Both Elsa & I wanted to do something special for supper, since we were leaving the next morning.  We had planned on heading back to the Buena Vista, but the city that had been practically deserted on Friday night and Saturday was brimming over with people by Sunday night. 



We managed to wangle our way onto a packed cable car, but getting off near the Fairmount was another matter.  One man finally said, "Lady, you just have to push your way through."  Elsa said she practically collapsed when I said in my most genteel voice - "Sir, I was not raised that way."  And a path immediately opened up to let me pass through and two gentlemen stepped down to help us off!



Our hopes of going back to the Crown Room, which I had thoroughly enjoyed, were dashed when we saw people waiting 12-deep around the one elevator.   

Neither of us wanted our evening to end on a whimper, but it was looking like that might be the case when Elsa remembered a restaurant down in the bowels of the hotel.  
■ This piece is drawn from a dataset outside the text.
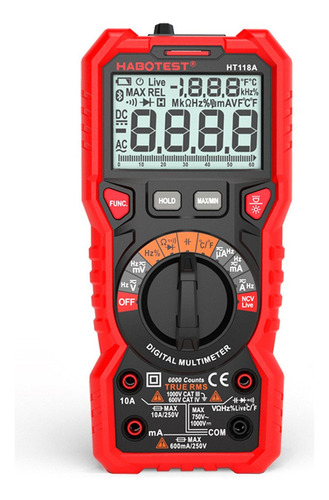 Habotest Ht118a - Multímetro Digital De Alcance Automático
We headed down to Belle Vocce and - surprise - there were no crowds, just a very attractive hostess waiting by the door.  Elsa and I were both stunned when she caught sight of Elsa and, grinning from ear to ear, said with complete delight, "You DID bring your mother!"   Seems that Elsa had stopped by very briefly on Thursday morning checking out places I might like and had taken a quick look around. The young woman remembered!



Well, after a reception like that, we knew we had struck pay dirt.  The food was great and it turned out that the service staff doubled as opera singers, so we had the ultimate floor show.   It seemed like all the waiters and waitresses stopped by to meet me and fuss over me and I had my picture taken with the hostess (who was a fabulous contralto) which hangs right outside my bedroom door.  I felt like a celebrity.  



No wonder we chose to walk back to our hotel; I think our feet hardly touched the pavement, we were so happy.



On this grey, raw Easter weekend, it pleases this old Grammie to remember a sunny, bright and warm Easter weekend in my beloved City by the Bay.



Am pretty groggy after this marathon session.  Am up the wooden hill and so to bed!



Just wondering - is there a city that YOU have special fondness for?  If you do, I would love to hear about it.